Creditcard Fraud Detection using Data Science
Chandramouli Yalamanchili
Updated - 05/16/2021 [Created - 03/28/2021]
View Project Code on GitHub

Introduction
We have witnessed an enormous evolution in credit card processing over last few years, issuing chip-based credit cards, starting mobile device-based wallets like Apple Pay is a significant change done to secure credit card transactions.
Despite financial institutions (banks) working hard to eliminate fraud in credit card transactions, credit card fraud has been continuously rising over the last few years. Fraudsters are getting smarter and using latest technologies to steal cardholder’s information, either through hacking or through social engineering.
Increasing fraud in the industry makes fraud prediction very critical to be able to identify and stop fraud in real time, and data science plays a significant role in analyzing and being able to predict fraud based on transactional and cardholder information. The scope of this project is to research and identify different types of predictive analysis algorithms available that can be applied to determine and stop fraudulent transactions.
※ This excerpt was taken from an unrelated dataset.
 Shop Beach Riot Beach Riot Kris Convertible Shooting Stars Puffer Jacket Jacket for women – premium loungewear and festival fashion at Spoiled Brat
In this project I have built a DNN (Deep Neural Network) model to identify the fraudulent transaction by passing the transaction features. I have achieved 99% of accurary with the DNN model I have built.
Project Motivation
- We currently have multiple fraud detection tools and most of them highly dependent on manual intervention to build and maintain for more efficiency in catching fraud.
- Through this project, I wanted to research and see how data science and machine learning can help in this area to catch the fraud automatically with very less to no need of human supervision.
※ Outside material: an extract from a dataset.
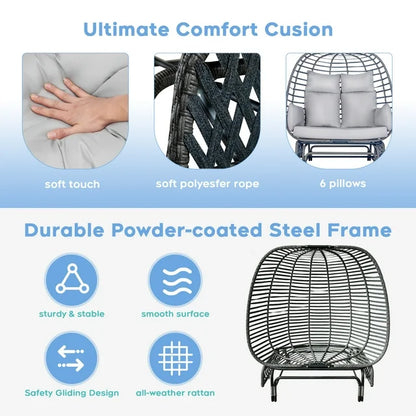 Brafab 2-Person Outdoor Egg Chair Wicker Basket Lounger Chairs with Stand Glider for Home Patio Xmas Gift,Steel Frame,Gray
- Credit card fraud has always been one of the major concerns for financial institutions as it could them financially in term of penalties as well as impact their reputation.
- Being able to detect fraud efficiently in real time with less human support would be a great help for the financial institutions.
Domain Introduction
Credit Card Transactions
Credit card processing is one of the fast-growing industries due to rapid advances in technology and with more and more customers switching to use credit cards instead of cash for purchases. Innovations like mobile wallets provided by Apple, Google, and other major technology firms have played an enormous role in increased usage of credit cards in recent years.
On a very high level, credit card transactions can be of two types, card present, and the card not present transactions. Card present transactions are the transactions from retail stores or gas stations where cardholder is present during the transaction, and that makes fraud a little bit difficult as the fraudster has to either steal the physical card or copy the card details, to create a duplicate card. Fraud in card present transactions has reduced in recent years due to the introduction of chip cards (challenging to copy and reproduce) and increased usage of mobile wallets which have the same security as chip cards. That leaves us with the card not present transactions, where we are seeing an increased number of fraudulent transactions in recent years. These are usually e-commerce or online portal-based transactions. In this case, fraudsters needed very less information about the physical card and cardholder to perform the transactions.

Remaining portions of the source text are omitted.